[Stored entries]
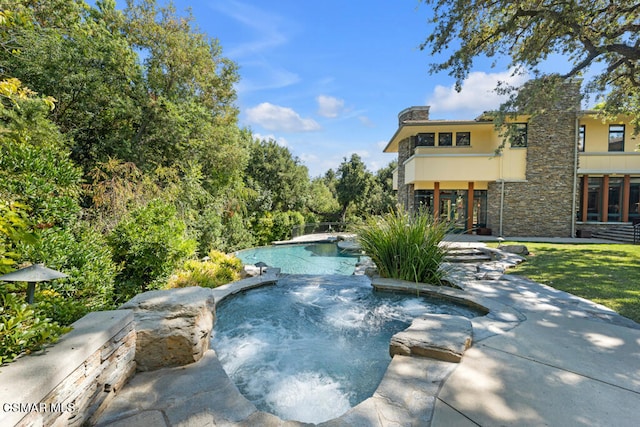 view of pool with an in ground hot tub, a patio area, and french doors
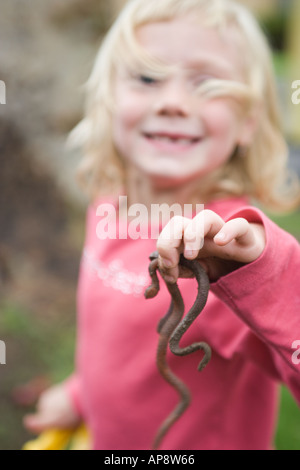 six year old girl holding leaf in front of her face Stock Photo - Alamy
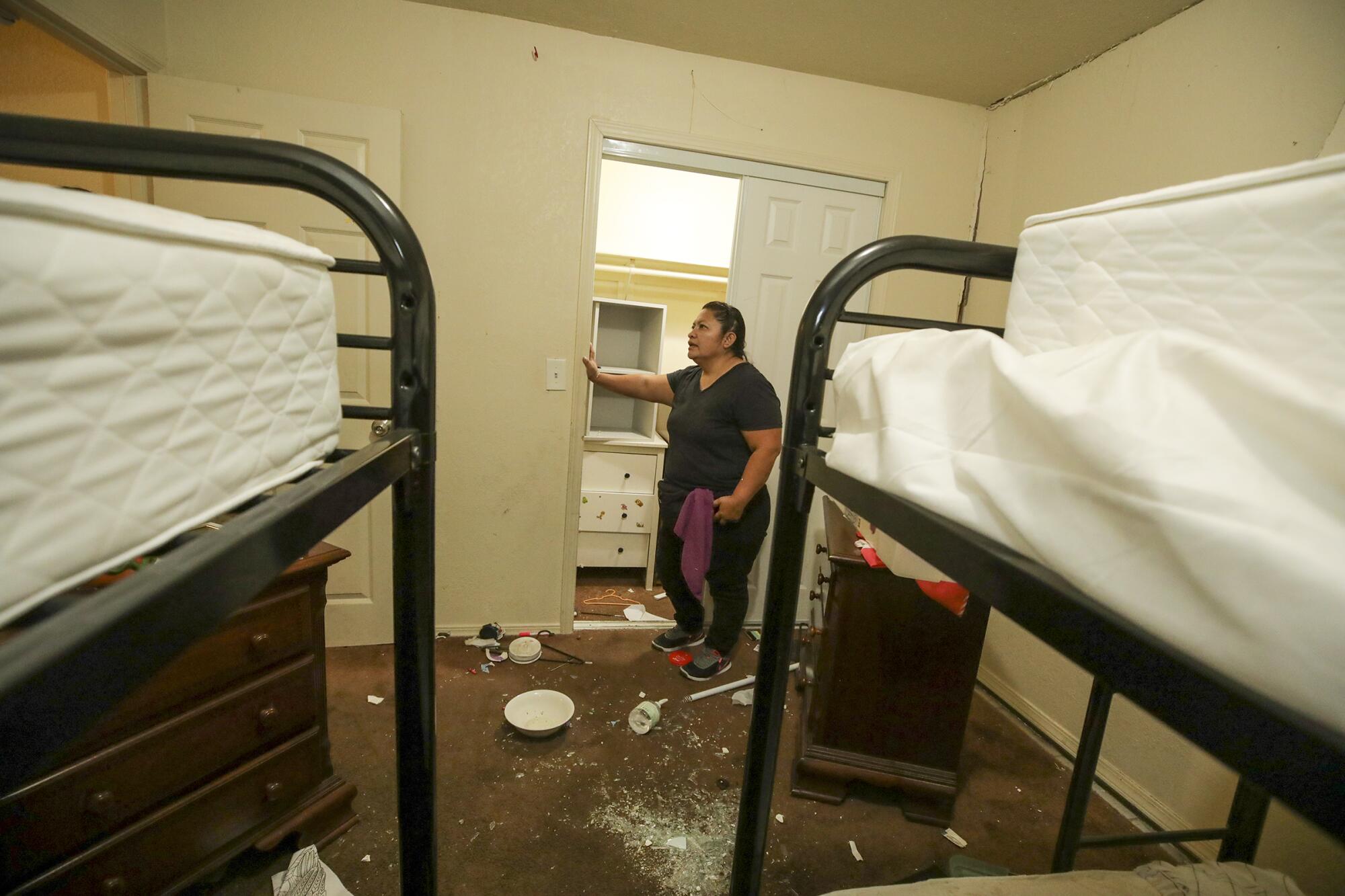 Juana Oceguera takes stock of her apartment that became inhabitable in an explosion caused by LAPD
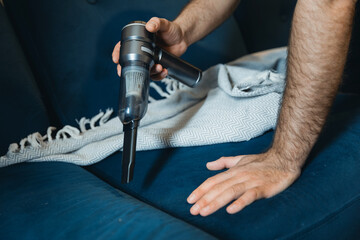Handheld vacuuming soft upholstery on blue sofa by adult male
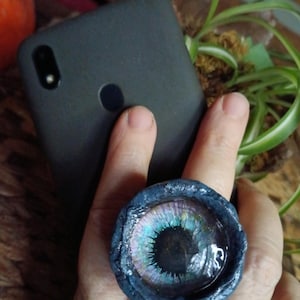 May include: A dark blue ring with a large, round, iridescent eye-shaped resin cabochon. The eye has a black pupil and a blue, green, and purple iris.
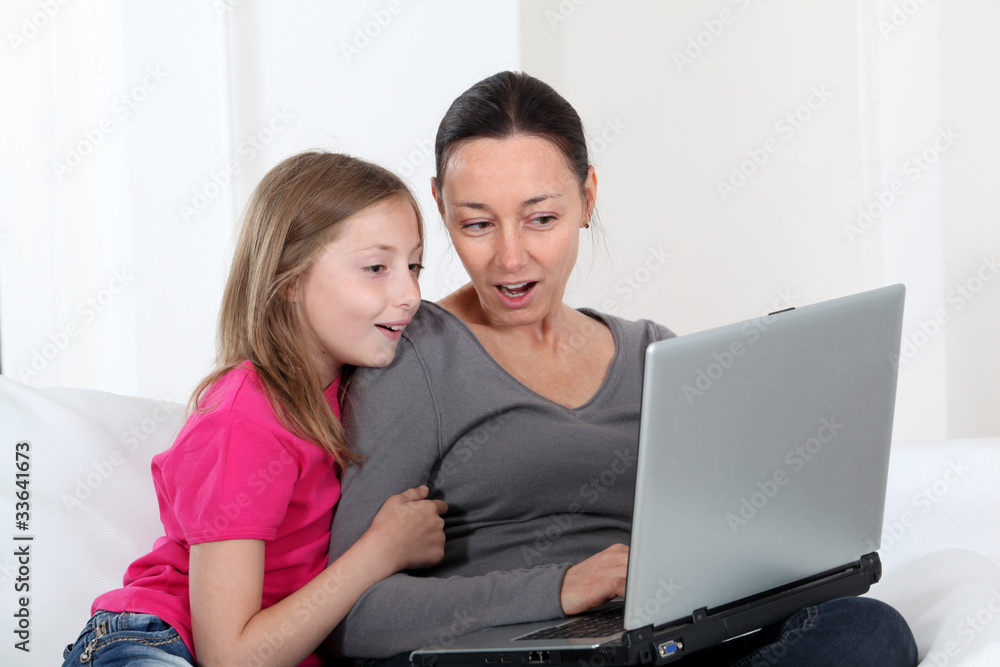 Mother and daughter using laptop computer at home Mother and daughter using laptop computer at home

### Task directions
Leave out the pictures and reproduce the rest of the records exactly.

### Solution to this task
 view of pool with an in ground hot tub, a patio area, and french doors
 six year old girl holding leaf in front of her face Stock Photo - Alamy
 Juana Oceguera takes stock of her apartment that became inhabitable in an explosion caused by LAPD
Handheld vacuuming soft upholstery on blue sofa by adult male
 May include: A dark blue ring with a large, round, iridescent eye-shaped resin cabochon. The eye has a black pupil and a blue, green, and purple iris.
 Mother and daughter using laptop computer at home Mother and daughter using laptop computer at home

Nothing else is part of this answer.